You see, trying to change something because we want a new mode is not idealism, but a course of practical hard graft that can be effected. In a year that News International’s political ‘truth’ – don’t do anything to annoy The Sun and The News of the World/go against their editorial line – crumbled, how can the VC and his posse collude in hiding their active choice not to oppose the destruction of public comprehensive Higher Education? By maintaining that there are objective conditions that they can do nothing to influence – we are only lumps of flotsam caught in the flow of Con-Lib reform – they are not setting us straight; they’re spoon feeding us sleeping tablets.
Anyway, to end, in the best traditions of last letters in The Times, a translation guide to Thomas’s afore mentioned passage. (BTW you wouldn’t want to have been alongside the VC in the rough-and-tumble of the school playground, would you? One can imagine his less than helpful counsel at the sight of incoming bullies: “I want to help, and if it was a perfect world, I would indeed ban profound and hideous beatings. However, due to the reality that my peer group will probably call me names, and bearing in mind, too, that whilst applying the hockey stick to your rather nice forehead I will ask then to do it gently and in proportion, I cannot really tell this collection of bullies to stop battering you to a pulp. And, not that I want to blow my own trumpet, but if you do look at my past record re bog water-boarding, I did play a role in reducinge flushes on heads down the toilet from 5 to 4.”)
“Influencing policy”= agreeing with and lobbying for policy, ignoring people who disagree with policy, and then implementing policy.
“Being at the table” = nodding when David Willets or (deep breaths, remember the rhythm method) David *CAMERON* or (disappointed sigh) Nick Clegg speaks. Hopefully being invited into the drawing room, with the other white male courtesans, for a glass of port and a complementary stroke of the house parrot.

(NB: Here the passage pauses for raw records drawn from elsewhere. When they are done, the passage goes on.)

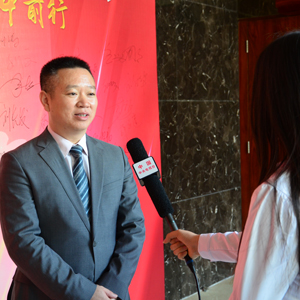 特樂意張宏宇在2016建材高峰論壇現場接受中央電視臺采訪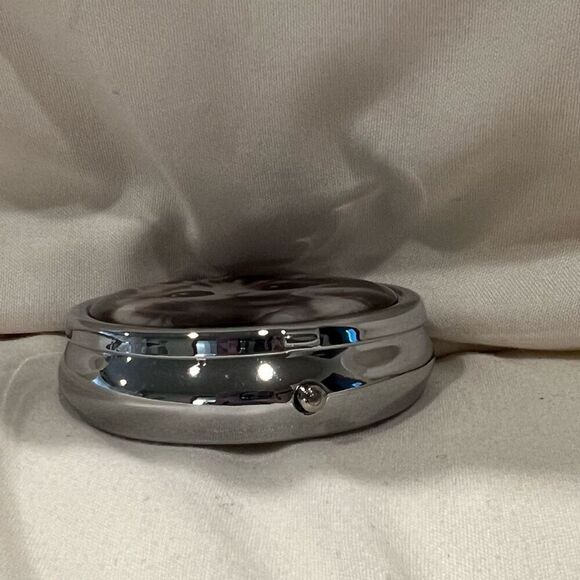 Cutie Kitten Travel Pill Box 3 Compartment Medicine Metal Cat Pill Case NEW 🐱 - Picture 3 of 5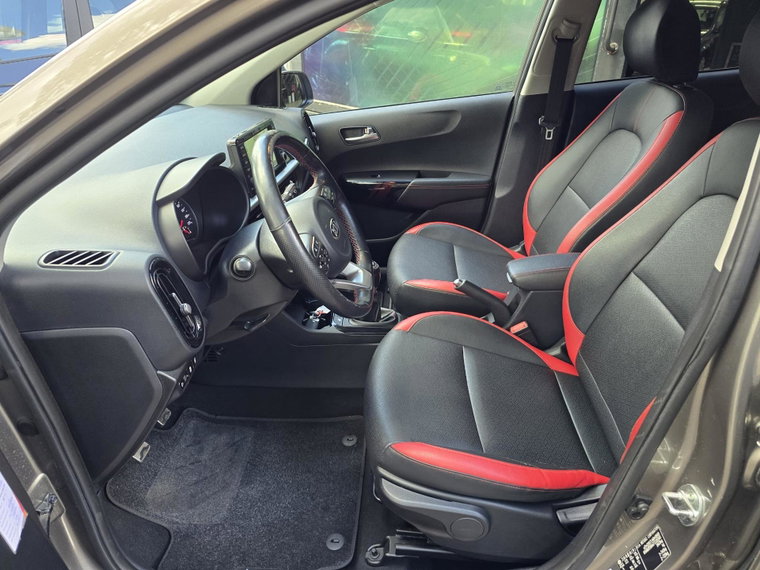 Vehicle Image 20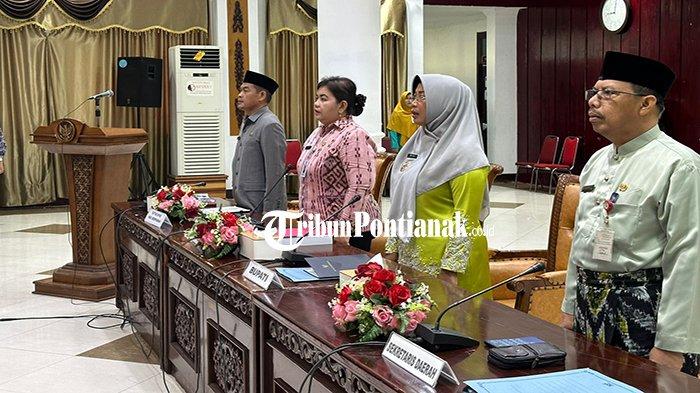 Pelaksanaan Musrenbang RPJPD Tahun 2025-2045 dan RKPD Tahun 2025 Kabupaten Mempawah, di Aula Balairung Setia Kantor Bupati Mempawah, Jumat 15 Maret 2024 pagi. Kegiatan dibuka langsung oleh Bupati Mempawah Erlina.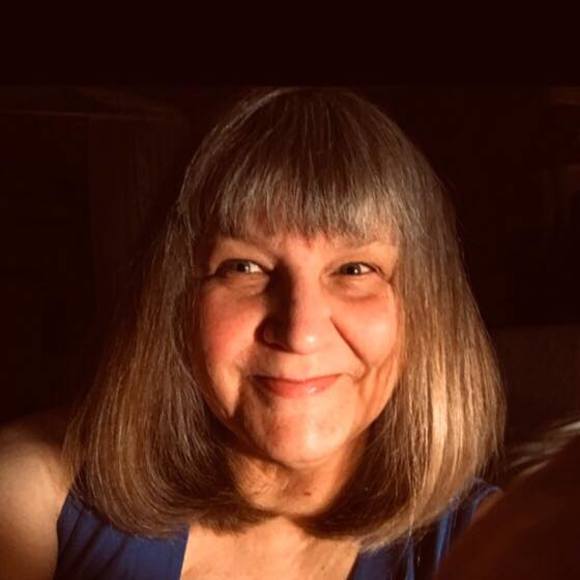 Profile Picture of Barbara Perlik (@fidhler) on Poshmark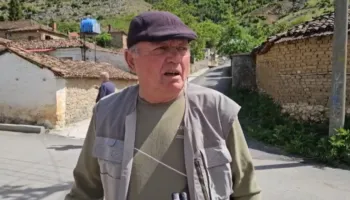 “Jetonte vetëm dhe vuante nga zemra”, flet vëllai i 60-vjeçarit që u gjet i pajetë në Maliq: Pinte alkool, fëmijët jetojnë në Tiranë dhe Selanik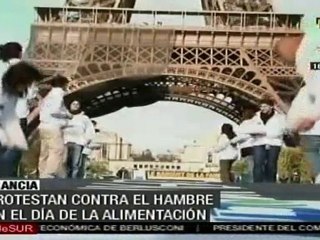 Platos vacíos al pie de la torre Eiffel, por los niños que mueren de hambre
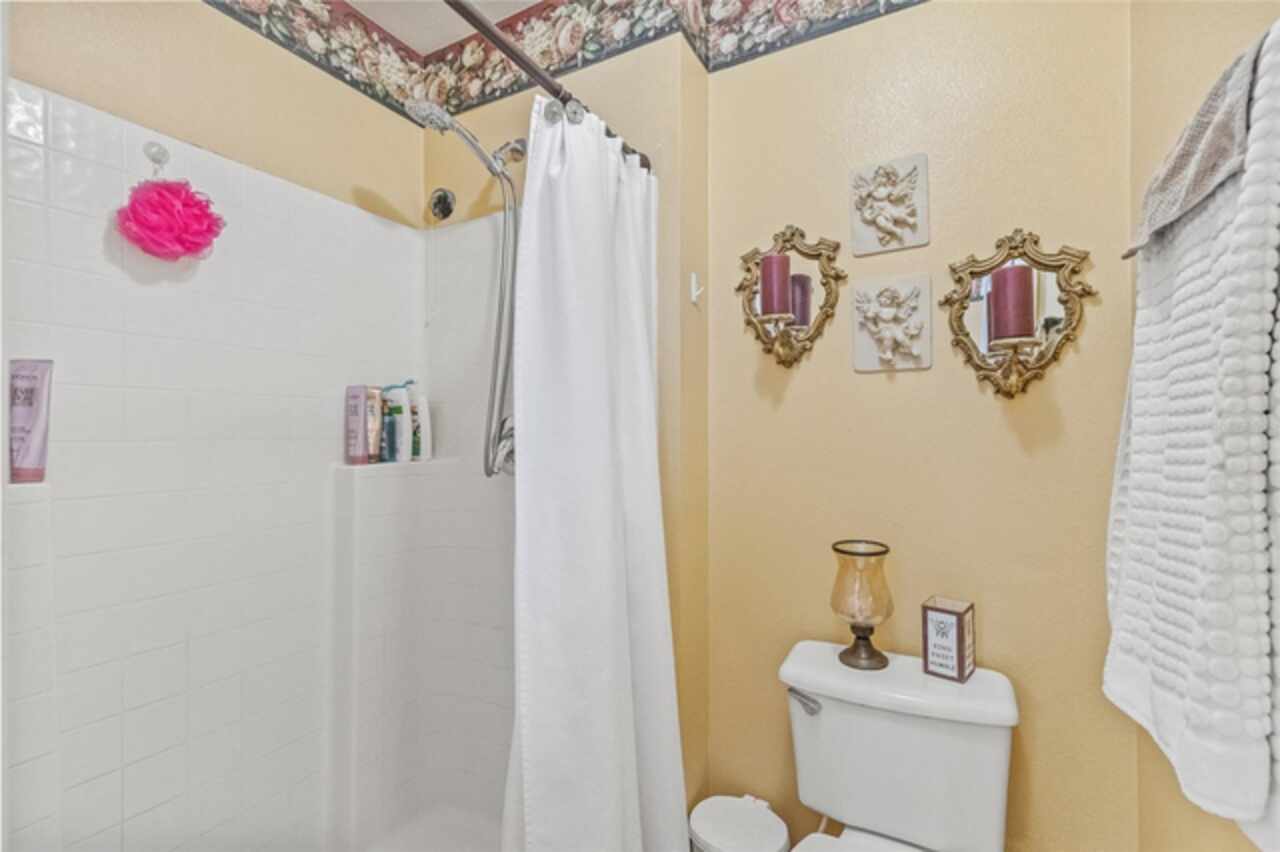 Listing Photo 18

“Developing policy” = nodding (again) when David Willets speaks
“All-out fight”= opposing something when it’s wrong. I suspect Chief Thomas would not have been a fan of Galileo’s “all out fight” against the 17th century Catholic Church. Or my cousin Edith’s conviction for shoplifting at Penge Tesco despite the fact she was working at Lewisham Super Bowl at the time. And she doesn’t even like After-Eight or tinned ravioli
“Members”= me and a few others who want a knighthood or something a little better than Deputy Lieutenant of Bristol
“Or communications are very much less”= David Willets has stopped invited me to his bunker. Or, to put another way: “I was against something very bad. Very bad. The person who was doing the bad thing stopped talking to me. So, to recap, because I helped/fought to stop a bad thing, the bad thing’s main advocate has been less than nice to me. It is my fault for opposing the bad thing.”